Mearch (and submearch) in Context

  • Nominal (noun)mearch, ego-mearch, merchability

    • Alex performed a mearch of “opml-o-mater“.

    • Scoble did an ego-mearch.

    • The MSN Search bloggers improved the mearchability of their group blog by blogging about it in public and asking customers to suggest improvements (go Betsy go).

  • Verbalmearch, mearched, mearching

  • Adjectivemearchable

    • Lawrence wondered if a proposed name for one of his open source projects, EXCommunicator, would be mearchable and so he decided to blog about it before its announcement and submearch the term so that he would be notified as soon as anyone might blog about it.

Comments (8)

  1. BlakeHandler says:

    I truly love your company — but there is some irony when a Microsoft employee says "Like most people, I am inherently distrustful of monopolies." (^_^)

  2. IDisposable says:

    Looks like it should be pronouced like "merch", which is slang for merchandise… not the idea I want for a generic search.  I long ago proposed "seq" as a nice short verb for searching… but nobody liked it 🙁  It has the advantage that there’s only a squatter on it…

  3. MSDNArchive says:

    I would contend that there is as much irony in a statement from a Microsoft employee who asserts that, "Like most people, I am inherently distrustful of monopolies" as there is in a statement of like nature from the son of an alcoholic who has been sober for several years. I love Microsoft. I believe in Microsoft. But I also distrust the allure and seeming irresistibility of the market pressures that occasion the exercise of abusive exercises of power. I recognize the warning signs because, as a "son" of Microsoft, I am acutely sensitive to and aware of them.

    For what it’s worth, I was a customer of Microsoft prior to the anti-trust trial, just like you. Now, I am an employee. I have not reaped great profit from my employer’s allegedly monopolistic practices.

    I earn a fair wage. I "own" a few stock options, all but a couple of hundred of which are "underwater". Whatever investments I have made in Microsoft have been founded in a deep and abiding belief that Microsoft has a duty and a capacity to effect positive change, to improve people’s lives through technology.

    If I worked for Google, I would undoubtedly be saying the same exact things, albeit in a more private medium. Every single Google employee has a responsibity to do the right thing as every Microsoft employee does.

  4. Frank Hileman says:

    I know why I abandoned MSN search, and use google nearly always. Google performs better for my searches.

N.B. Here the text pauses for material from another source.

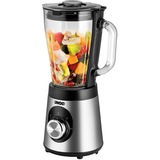 Unold Edel 1,5 L Batidora de vaso 500 W Negro, Acero inoxidable, Transparente, Batidora depie acero fino/Negro, Batidora de vaso, 1,5 L, Función de impulso, Picahielos, 0,9 m, 500 W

    The ability to advertise in very narrow markets for low cost also helps their market share.

    Microsofts new clumsy product names don’t help.

    Mearch is awful in my ears. Sounds like mooch, or lurch. Or a combination of the two.

  5. A few days ago, I boldly asserted that, "Attracting 49% of all online searches and a sizeable…

  6. David Locke says:

    40% of the market does not a monopoly make. If MapQuest didn’t feed me some aggrevating ad over and over one night, I’d still be using them, but now I use Google for maps as well. That wasn’t Google’s fault.

    The threshold for calling something a monopoly is 74% or 76%.